Infineon / YubiKey Cloning Vulnerability
Original Ars Technica Story
This is, unfortunately, a big deal. Not just for the users of YubiKeys, but also for anything using Infineon crypto chips. Infineon makes the crypto chips in a ton of devices, including TPMs, smart cards, passports, credit cards, and SIM cards. I suspect there will be more fallout from this, as additional devices are found to be using the same cryptographic library.
There are two important mitigations:
First, this only applies to Elliptic Curve cryptography (ECDSA specifically). While the world has (slowly) been moved to ECC, its adoption is still limited. Unfortunately, FIDO / FIDO2 does use ECC.

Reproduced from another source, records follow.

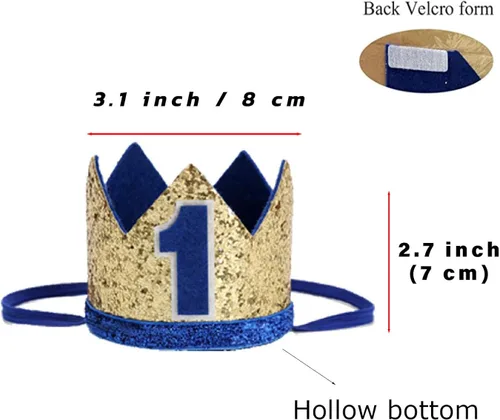 Miniatura 4 de WELROG Conjunto dorado brillante con tirantes para el primer cumpleaños de los niños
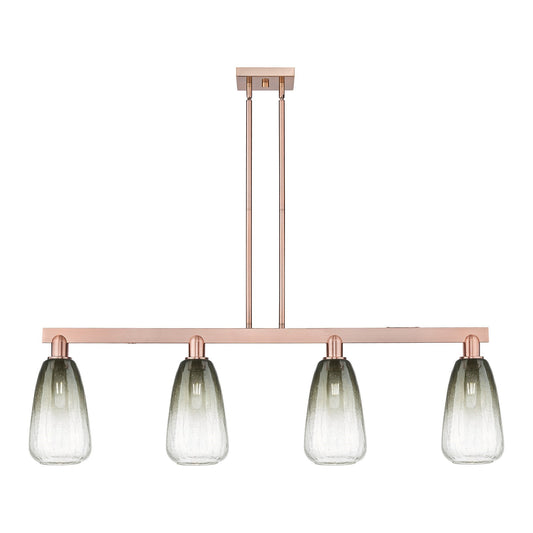 Innovations Brookhaven Almond 48.75in 4-Light Island Light | Industrial Antique Copper Steel and Slate Glass | Kitchen Island | Model 716-4I-AC-G480-6SL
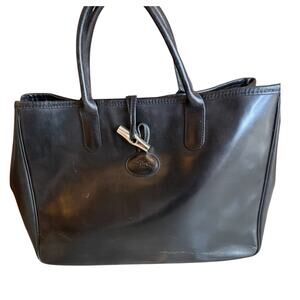 Longchamp Roseau Toggle Top Handle Tote Bag Black *Flawed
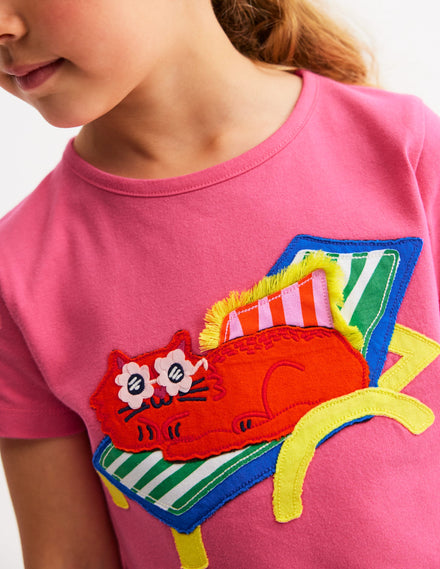 Short Sleeve Appliqué T-shirt-Rose Petal Pink Cat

Second, this attack requires physical access to the device and the private key operation to occur for the side channel to be exploitable. Any operation that first requires authentication (for example, by supplying a password/pin) would not be vulnerable (presuming the attacker doesn’t have the requisite password/pin).
For FIDO devices (like YubiKeys), the scenario to be worried about: If a site only requires the FIDO key be “touched”, that key can be cloned. Sites that require both the FIDO key’s pin + touch, are not vulnerable. Often, the “touch-only” mode of FIDO keys is used as a 2nd factor (after supplying a username+password). While the pin+touch route is usually a full standalone authentication (commonly called a Passkey).